Johan Torp wrote:
That way you get non-portable code adapted for some particular architecture(s). Ideally you'd like code to execute well on future, non-existing processors too.
Scheduling doesn't have to be static. You can define an algorithm that scales to any architecture, and that favors processor usage, minimum migration between cores, keeping tasks that interact a lot together close, or whatever depending on what works best for your application. That scheduling algorithm could simply be a way to map a tree of tasks to a tree of processors, with some code triggered for some events (a processor is idle, some new tasks have been created, etc.) Task hierarchy defines task affinity, and topology hierarchy defines nested NUMA nodes, SMP, Multi-core, and SMT units (Hyperthreading). Such platforms already exist, at least in research. That's imagining a hierarchical topology and hierarchical tasks. Which is not always relevant since topologies often form graphs, but the abstraction is practical enough.
Mathias Gaunard-2 wrote:
As for heterogeneous architectures, this is of course an open problem that C++ cannot solve because you cannot predict which piece of code will be faster on which processor. But I don't think C++-like languages are unable to do parallelization well on heterogeneous architectures, even those with NUMA effects.
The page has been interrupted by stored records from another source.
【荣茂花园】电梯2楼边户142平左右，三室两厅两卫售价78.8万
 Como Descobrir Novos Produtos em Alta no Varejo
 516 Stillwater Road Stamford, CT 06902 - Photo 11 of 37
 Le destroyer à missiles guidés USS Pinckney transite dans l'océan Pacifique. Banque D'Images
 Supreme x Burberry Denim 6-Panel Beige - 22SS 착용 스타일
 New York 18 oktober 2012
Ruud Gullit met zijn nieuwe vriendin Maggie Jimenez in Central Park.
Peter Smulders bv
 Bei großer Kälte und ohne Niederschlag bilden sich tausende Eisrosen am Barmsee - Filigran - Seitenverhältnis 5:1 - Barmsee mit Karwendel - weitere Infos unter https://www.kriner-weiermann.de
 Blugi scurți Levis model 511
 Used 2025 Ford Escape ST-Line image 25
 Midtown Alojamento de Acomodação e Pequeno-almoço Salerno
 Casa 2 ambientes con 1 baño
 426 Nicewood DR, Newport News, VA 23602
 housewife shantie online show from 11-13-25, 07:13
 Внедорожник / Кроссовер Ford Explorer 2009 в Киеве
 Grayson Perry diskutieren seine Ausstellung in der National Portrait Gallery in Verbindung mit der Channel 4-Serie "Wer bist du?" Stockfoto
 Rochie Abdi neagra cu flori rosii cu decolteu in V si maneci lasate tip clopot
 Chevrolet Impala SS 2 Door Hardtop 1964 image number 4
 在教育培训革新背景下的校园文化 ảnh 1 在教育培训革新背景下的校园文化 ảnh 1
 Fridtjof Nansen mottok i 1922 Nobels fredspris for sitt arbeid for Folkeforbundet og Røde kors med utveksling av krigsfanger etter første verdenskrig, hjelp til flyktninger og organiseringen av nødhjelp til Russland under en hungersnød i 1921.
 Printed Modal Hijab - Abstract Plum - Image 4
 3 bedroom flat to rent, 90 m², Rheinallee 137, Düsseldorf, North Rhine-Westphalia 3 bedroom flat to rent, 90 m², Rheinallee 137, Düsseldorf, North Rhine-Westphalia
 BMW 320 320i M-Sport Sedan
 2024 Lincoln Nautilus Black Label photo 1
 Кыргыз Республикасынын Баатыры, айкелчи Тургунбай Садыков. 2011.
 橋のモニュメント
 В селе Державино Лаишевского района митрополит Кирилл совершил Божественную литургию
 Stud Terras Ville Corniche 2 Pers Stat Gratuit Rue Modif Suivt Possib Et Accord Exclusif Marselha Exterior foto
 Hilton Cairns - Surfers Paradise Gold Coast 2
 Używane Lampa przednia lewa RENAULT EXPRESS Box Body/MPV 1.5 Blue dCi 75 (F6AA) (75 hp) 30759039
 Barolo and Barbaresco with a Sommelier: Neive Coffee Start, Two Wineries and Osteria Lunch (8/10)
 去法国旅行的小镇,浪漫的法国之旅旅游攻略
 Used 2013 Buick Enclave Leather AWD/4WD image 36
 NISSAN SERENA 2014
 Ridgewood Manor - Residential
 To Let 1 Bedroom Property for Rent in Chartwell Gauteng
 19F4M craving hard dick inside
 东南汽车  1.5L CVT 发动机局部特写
Ok, there is a problem here: I meant "I don't think C++-like language are unable to do parallelization well on *homogeneous* architectures, even those with NUMA effects". Sorry for the confusion.
But even if you aim at non-portable code, C++ is a poor at expressing parallel code for many other reasons: - Threads are heavy-weight
Only if you make them so. Kernel threads are fairly heavyweight, especially since you don't have much control over them, but user-level threads can be very lightweight. There is nothing inherently heavyweight about a "task". Well, except its stack, but that's more of a memory usage problem.
and difficult to program with (dead locks, race conditions, indeterminism, composability problems)
There are many problems with using shared memory concurrency, yes. There are other patterns though. Anyway here we were discussing about defining all tasks that can be parallelized as potentially-parallelizable and have a library parallelize them or not and schedule them well so that parallelization doesn't hurt more than it helps. Concurrency is kind of a different problem, I'd say.